Study characteristics
Methods Randomised single‐blind experimental study, Brazil.
Participants 40 women undergoing caesarean delivery, aged more than 18 years (18 to 45 years), primiparous or multiparous, not obese, undergoing spinal anaesthesia and incision P‐fannestiel,with pain, literate and understand the pain scale. There were 20 women in the experimental group and 20 in the placebo group.
Interventions The intervention group received TENS current initiate 24 hours postoperatively, consisting of spike waveform impulses of 75 µs duration, delivered at a frequency of 100 Hz, remaining in postpartum women for 45 minutes. The control group was accompanied by the researcher for the same 45 minutes. The women remained without medication during the study period, being excluded if they needed it.
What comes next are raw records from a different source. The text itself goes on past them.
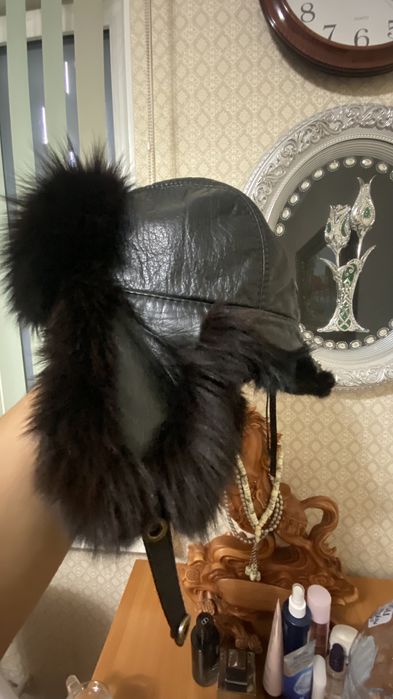 Шапка ушанка хорошая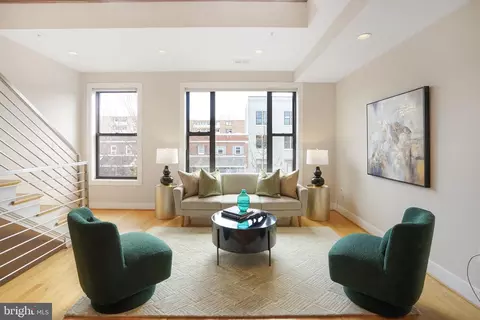 Living - 1402 K St SE #2, Washington, DC 20003 photo 1 of 3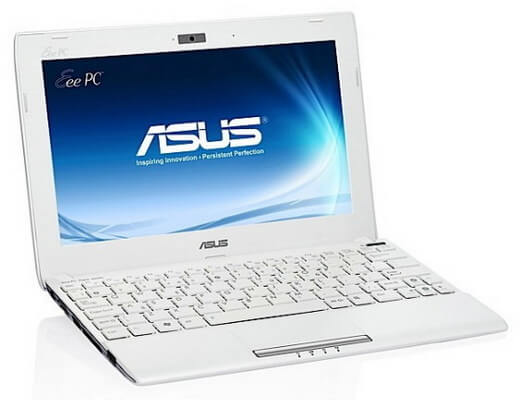 Замена процессора на ноутбуке Asus 1025CE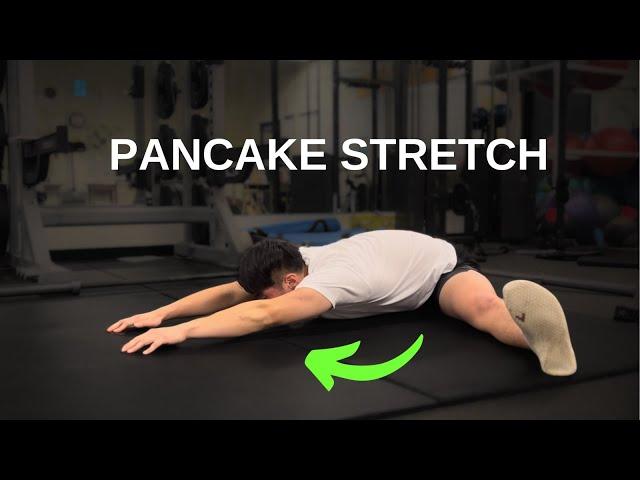 Full Guide: How to Pancake Stretch (Beginner to Advanced)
Outcomes Pain scores (McGill Pain Questionnaire with consists of 2 main indices, Pain Rating Index (PRI) and Present Pain Intensity (PPI) end the numerical categorical scale (VAS) after intervention and 1 hour after intervention.
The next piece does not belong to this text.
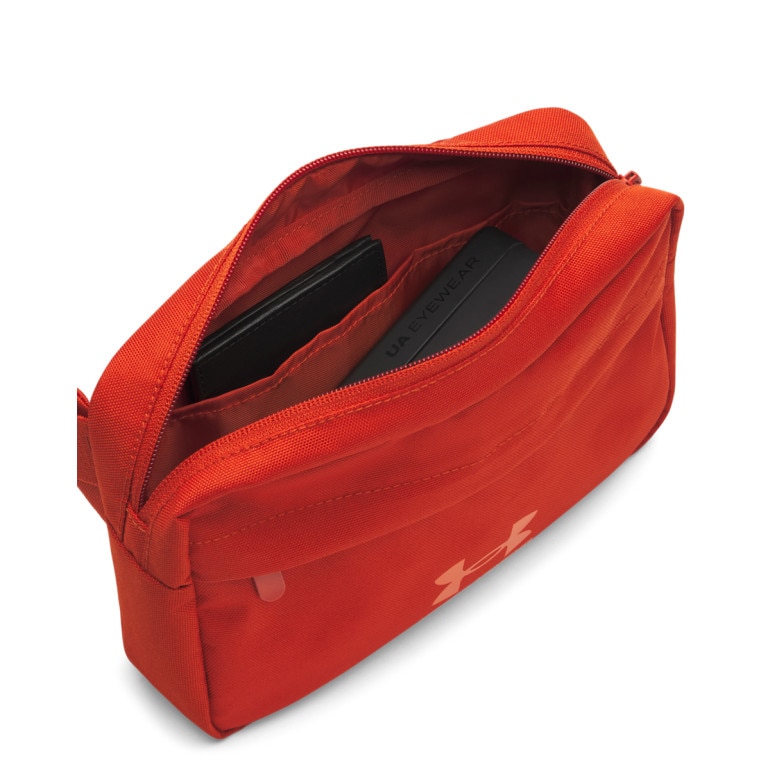 Saszetka nerka uniseks Under Armour UA Sportstyle Lite WB Xbody - czerwona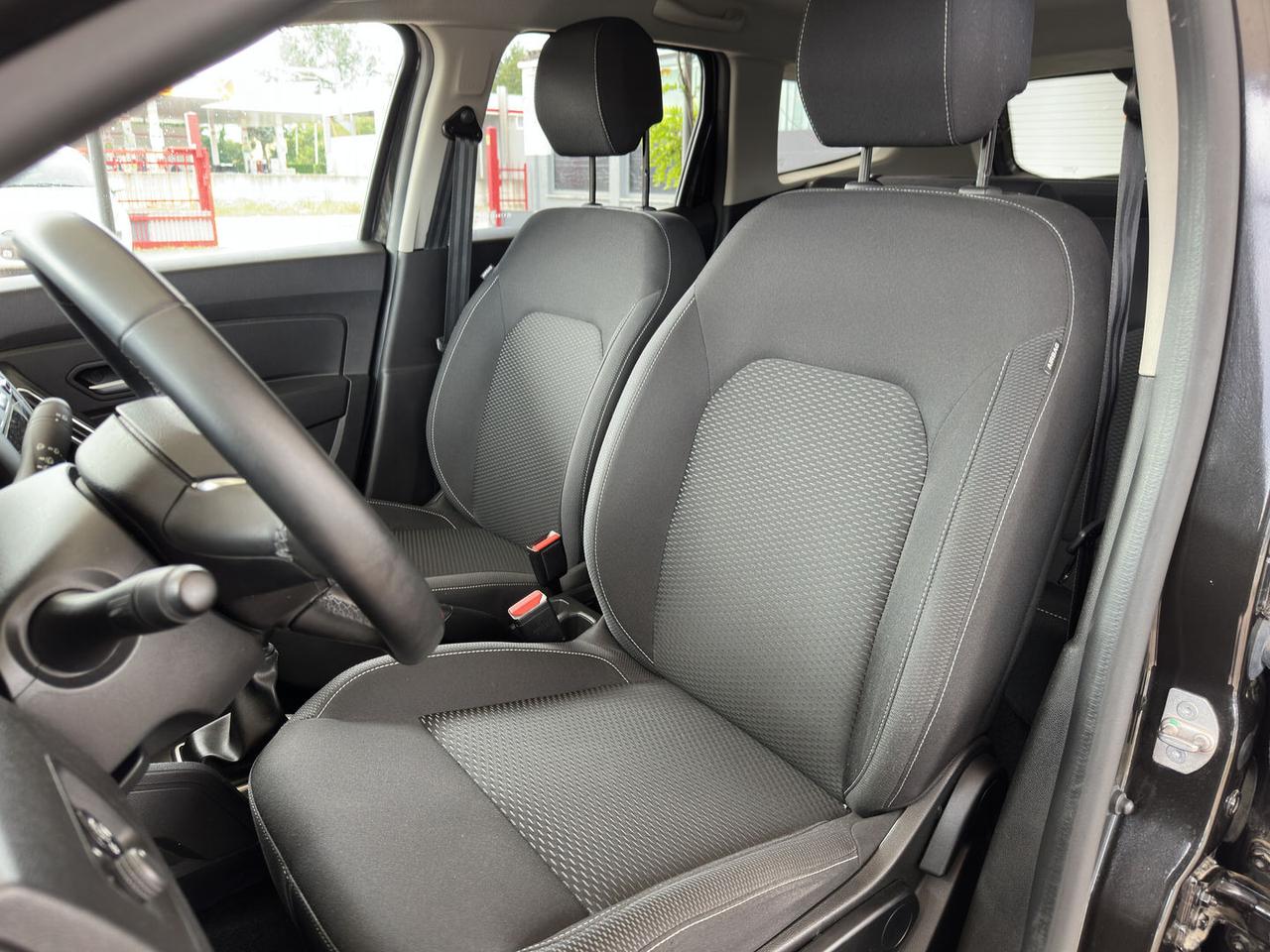 Dacia Duster Comfort TCe 100 Bi-fuel #7042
Notes Results sent by author.
Funding sources: National Council for Scientific and Technological Development.
Setting: maternity hospital in Brazil.
Conflicts of interest: not mentioned.
Dates of trial: April to May 2007.
Risk of bias
Bias Authors' judgement Support for judgement
Random sequence generation (selection bias) Low risk The participants were randomly allocated according to site www.randomization.com.
Allocation concealment (selection bias) Unclear risk Not reported
Blinding of participants and personnel (performance bias)
All outcomes High risk There was no blinding.
Blinding of outcome assessment (detection bias)
All outcomes Low risk The lead researcher conducted the evaluations of 2 groups without knowing what the postpartum group received.
Incomplete outcome data (attrition bias)
All outcomes Low risk There were no losses after randomisation.
Selective reporting (reporting bias) Low risk Presents the results of the analysis proposed in the methods.
Other bias Low risk We do not suspect any other bias related to this study.